Cegos. Sim, isso que somos. Deitamos em uma cama quentinha todos os dias. Alimentados por refeições variadas. Alegamos trabalhar para ter uma vida justa e integra. Acreditamos, hipocritamente, que a desigualdade é produto individual. Do tipo, “Vai trabalhar vagabundo”. Mas as oportunidades não são iguais. Enquanto eu freqüentava o jardim da infância e recebia todo carinho de meus pais e minha professora, os sandro´s estavam na rua. Sim, eles escolheram a rua para viver. Claro, que dúvida. Viver com uma família, estudar e brincar ou morar embaixo de um viaduto? O que uma criança iria escolher, hein?

A resposta vai depender de uma boa visão. Caso contrário procure urgentemente um oculista. O diagnóstico mais comum é a cegueira total. Para mim, Sandro é a vítima. Vítima de uma sociedade hipócrita, de uma política corrupta, de uma polícia mal preparada e da mídia. Ele queria ser visto por alguém, pelo mundo. As câmeras simbolizam a visibilidade que ele nunca teve. Naquele momento, ele era o diretor, mas, ao invés de uma câmera, ele tinha um revólver.

No documentário Ônibus 174, de José Padilha, todas as vozes dialogam para desvendar o caso. Não há um culpado, mas vários. Diante dos depoimentos, Sandro é o lado mais frágil. Ao contrário do que a imprensa quis mostrar, ele não era um mostro, mas um ser humano oculto nas ruas do Rio de Janeiro.
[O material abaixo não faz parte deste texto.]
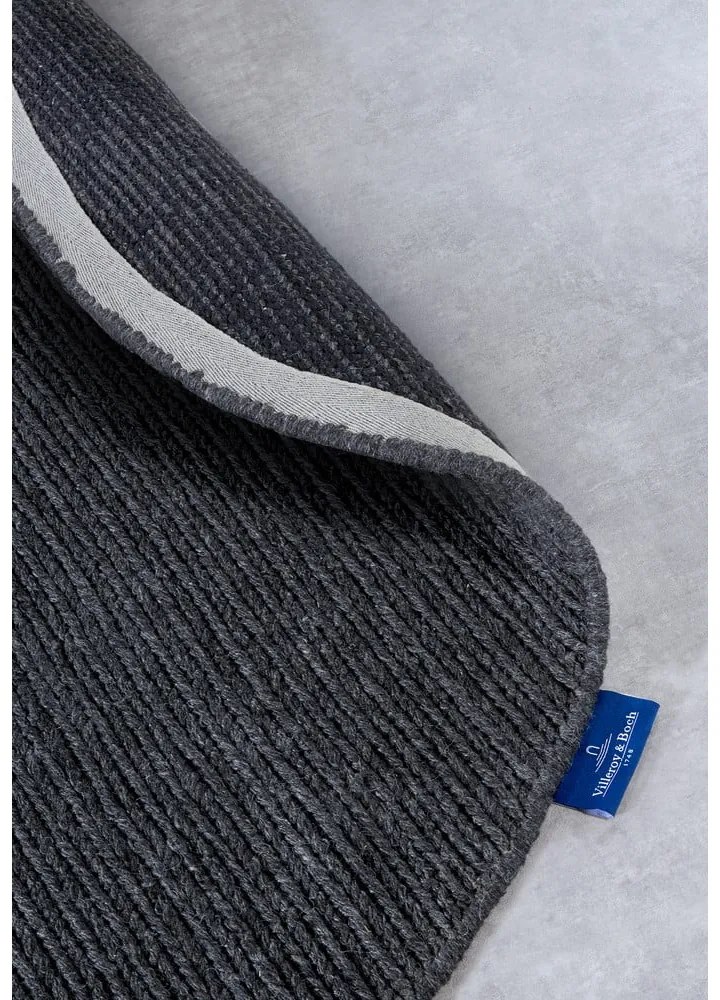 Tappeto rotondo grigio scuro in lana tessuto a mano ø 160 cm Francois - Villeroy&Boch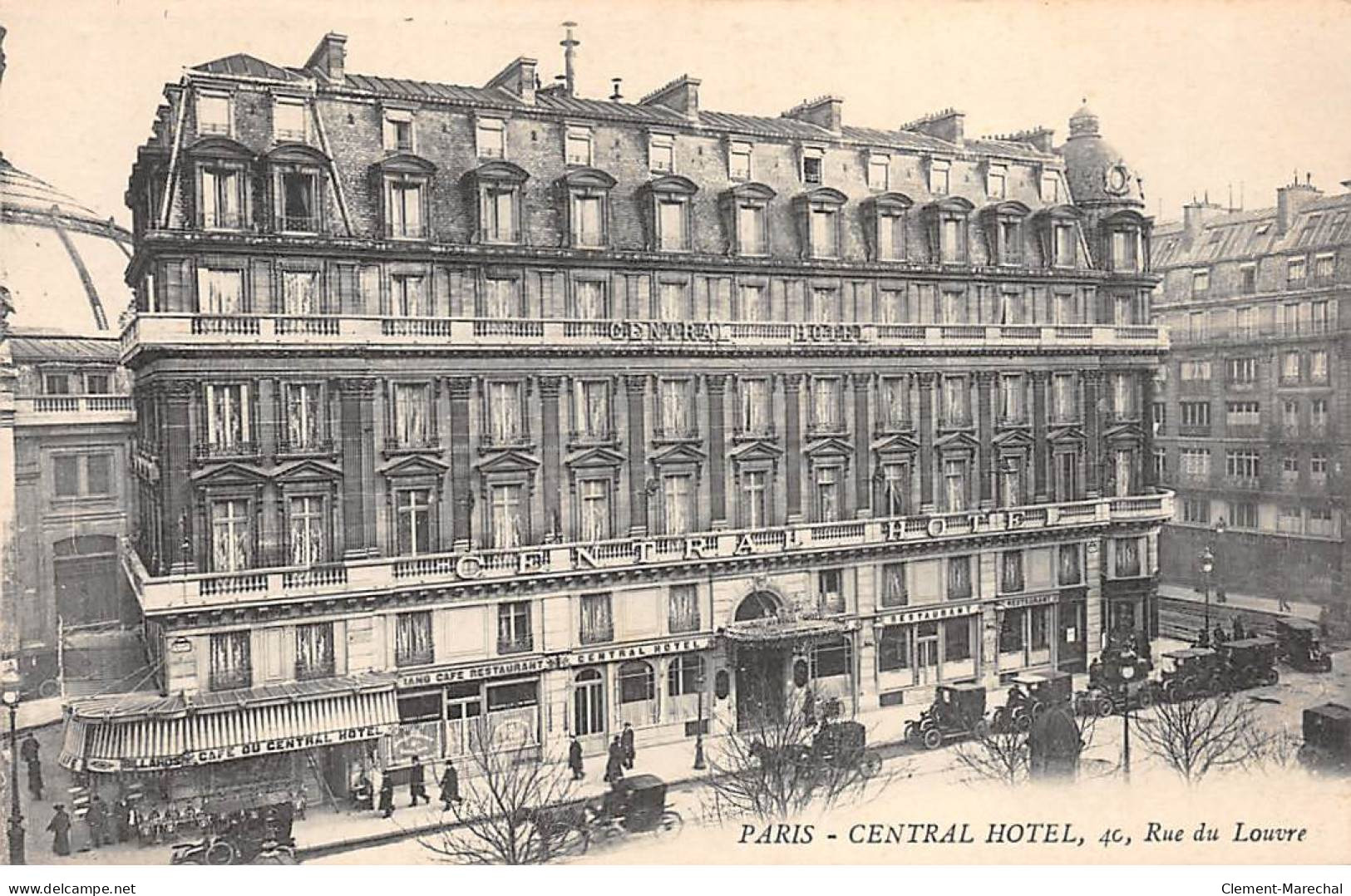 PARIS - Central Hotel - Rue Du Louvre - Très Bon état - Cafés, Hotels, Restaurants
Sem GCs (geradores de caracteres) os depoimentos iniciam, como uma forma de não identificar o nome e as funções de cada entrevistado. As vozes contam esse episódio. Padilha usa imagens de arquivo, mostrando um trabalho de apuração e respeito ao público inerente ao papel social do jornalista, o qual, muitas vezes, não é realizado.

Em uma das cenas, Sandro grita pela janela: “Eu vou matar todos aqui. Vocês não chegaram e mataram meus amigos na Candelária. Eu não tenho nada a perder.” Nesse instante, o seqüestrador se mostra como uma vítima antiga da Chacina da Candelária – mais de 39 crianças de rua foram mortas. E a sociedade achou ótimo. Limpar a sujeira, tirar de suas vista aquilo que lhes incomoda. Esse é o papel da polícia e do governo. Nos cegar.